Abstract Detail

Nº613/1802 - Integrating data for conservation: a use case for monitoring plant species on a European scale
Format: ORAL
Authors
Pierre Bonnet1, Antoine Affouard2, Jean-Christophe Lombardo2, Mathias Chouet1, Hugo Gresse2, Vanessa Hequet1, Remi Palard1, Maxime Fromholtz2, Vincent Espitalier1, Herv Goau1, Thomas Paillot2, Benjamin Deneu2, Christophe Botella2, Joaquim Estopinan1,2, Csar Leblanc1,2, Maximilien Servajean3, Franois Munoz4, Alexis Joly2
Affiliations
1 AMAP, Univ Montpellier, CIRAD, CNRS, INRAE, IRD, Montpellier, France 2 Inria, LIRMM, Université de Montpellier, CNRS, Montpellier, France 3 LIRMM, AMIS, Université Paul-Valéry - Montpellier 3, CNRS, Montpellier, France 4 LIPHY, Univ. Grenoble Alpes, CNRS, Grenoble, France
Abstract
Human activities are exerting an increasingly profound impact on global biodiversity.
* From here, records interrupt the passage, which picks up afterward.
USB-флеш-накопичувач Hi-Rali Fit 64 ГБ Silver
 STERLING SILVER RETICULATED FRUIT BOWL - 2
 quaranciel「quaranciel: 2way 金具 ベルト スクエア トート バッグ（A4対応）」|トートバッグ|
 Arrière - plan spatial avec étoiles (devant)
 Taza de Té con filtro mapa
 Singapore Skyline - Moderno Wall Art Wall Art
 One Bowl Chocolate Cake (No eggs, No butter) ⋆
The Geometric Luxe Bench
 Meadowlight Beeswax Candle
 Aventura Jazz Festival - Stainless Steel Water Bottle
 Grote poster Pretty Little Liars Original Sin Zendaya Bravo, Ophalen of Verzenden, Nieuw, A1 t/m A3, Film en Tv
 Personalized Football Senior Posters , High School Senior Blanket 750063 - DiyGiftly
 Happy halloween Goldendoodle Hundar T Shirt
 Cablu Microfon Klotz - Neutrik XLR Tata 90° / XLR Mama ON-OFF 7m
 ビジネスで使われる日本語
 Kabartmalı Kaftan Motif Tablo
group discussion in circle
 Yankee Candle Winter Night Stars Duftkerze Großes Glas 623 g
There is a pressing need for a substantial improvement in our understanding of biodiversity to assist land managers, and decision-makers in formulating effective day-to-day strategies for preserving species and habitats. At the European level, significant efforts are underway to harness and leverage the vast corpus of floristic, environmental, and remote sensing data to refine our understanding of vegetation. The Pl@ntNet platform has been set up to meet this challenge, based on a workflow at the intersection of citizen science, botany, and data science. It now enables the automated identification of over 45,000 plant species using state-of-the-art deep learning algorithms. The millions of produced plant observations have contributed to numerous research and conservation projects, positioning Pl@ntNet in 2022 as a top-5 data provider to the GBIF international platform. In this presentation, we will introduce the innovative methods currently being developed by the Pl@ntNet team to assist field botanists. Specifically, we will discuss how todays AI technologies allow us to establish contextualized summaries of plant biodiversity in specific areas. We will discuss advancements in the analysis of multi-species images commonly generated during floristic inventories. Additionally, we will showcase results obtained through DeepSDMs (Species Distribution Models based on deep learning) for predicting the distribution of species and indicators characterizing plant biodiversity at very high resolution. These results are disseminated through free online maps and services for managers, assisting in the identification of key conservation areas. Notably, this work has enabled map production from local to regional scale, at 50 m resolution. We will provide a brief overview of identified and implemented uses of these results, demonstrating the various contexts in which these research findings can be impactful, whether for education, management, monitoring, or promotion of natural heritage.